• [Instructions to follow]: Copy out exactly the lines below that run from the one holding "An engraved wine" to the one holding "A modern kitchen", keeping both of those lines and no others.

• [Data excerpts]:
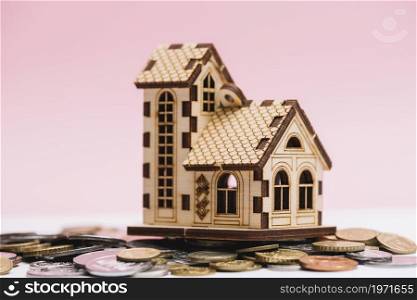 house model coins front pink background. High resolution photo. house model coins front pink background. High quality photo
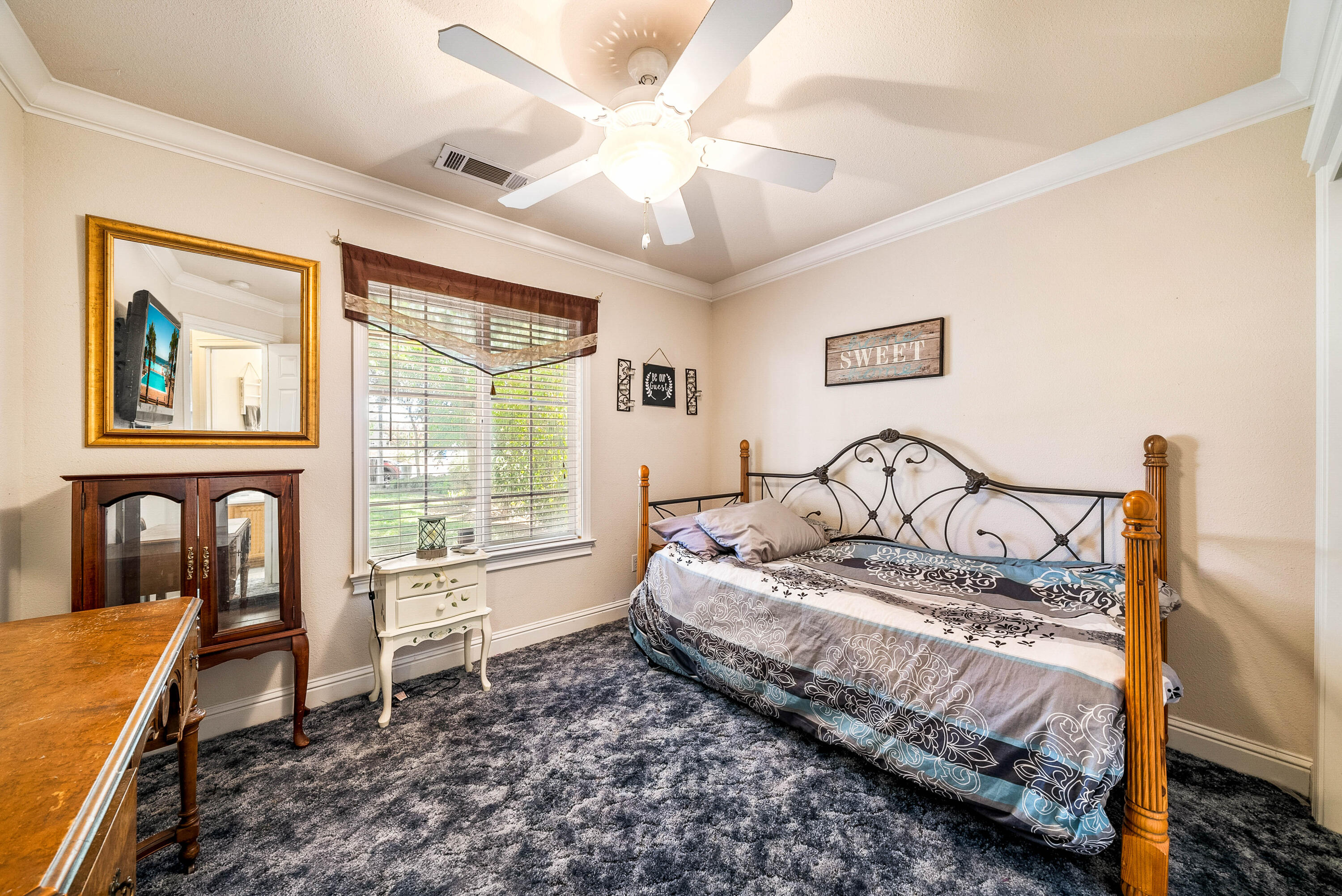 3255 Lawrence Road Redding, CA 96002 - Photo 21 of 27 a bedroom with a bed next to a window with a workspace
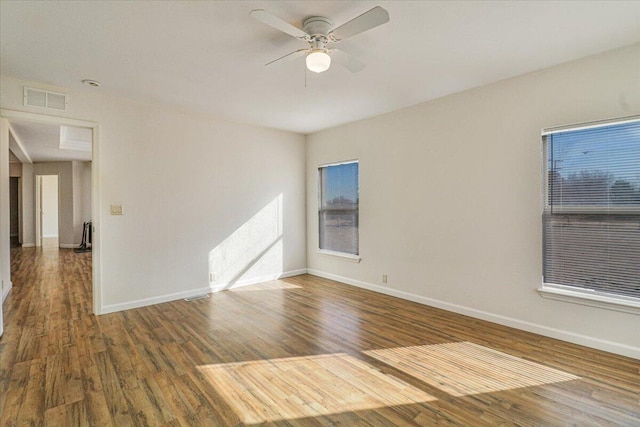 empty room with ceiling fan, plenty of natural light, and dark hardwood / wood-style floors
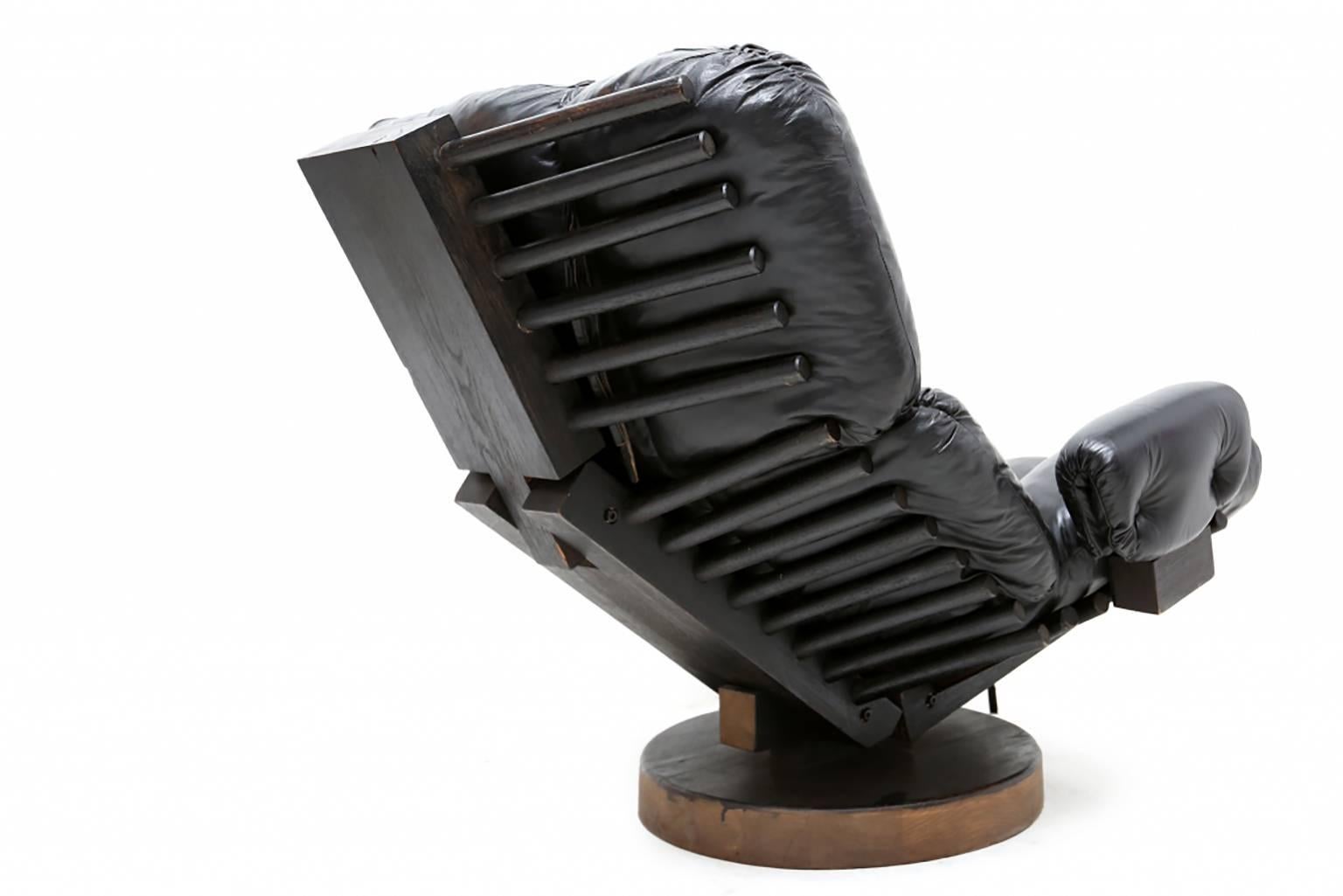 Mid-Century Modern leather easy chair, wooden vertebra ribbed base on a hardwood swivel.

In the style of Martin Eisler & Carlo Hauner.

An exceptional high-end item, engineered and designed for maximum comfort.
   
* * *
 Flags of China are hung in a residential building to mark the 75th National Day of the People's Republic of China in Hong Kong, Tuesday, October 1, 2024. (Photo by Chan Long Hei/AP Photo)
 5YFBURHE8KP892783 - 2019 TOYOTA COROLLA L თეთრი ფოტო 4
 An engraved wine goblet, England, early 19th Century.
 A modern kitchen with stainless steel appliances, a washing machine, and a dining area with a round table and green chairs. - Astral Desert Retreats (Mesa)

• [Task solution]:
 An engraved wine goblet, England, early 19th Century.
 A modern kitchen with stainless steel appliances, a washing machine, and a dining area with a round table and green chairs. - Astral Desert Retreats (Mesa)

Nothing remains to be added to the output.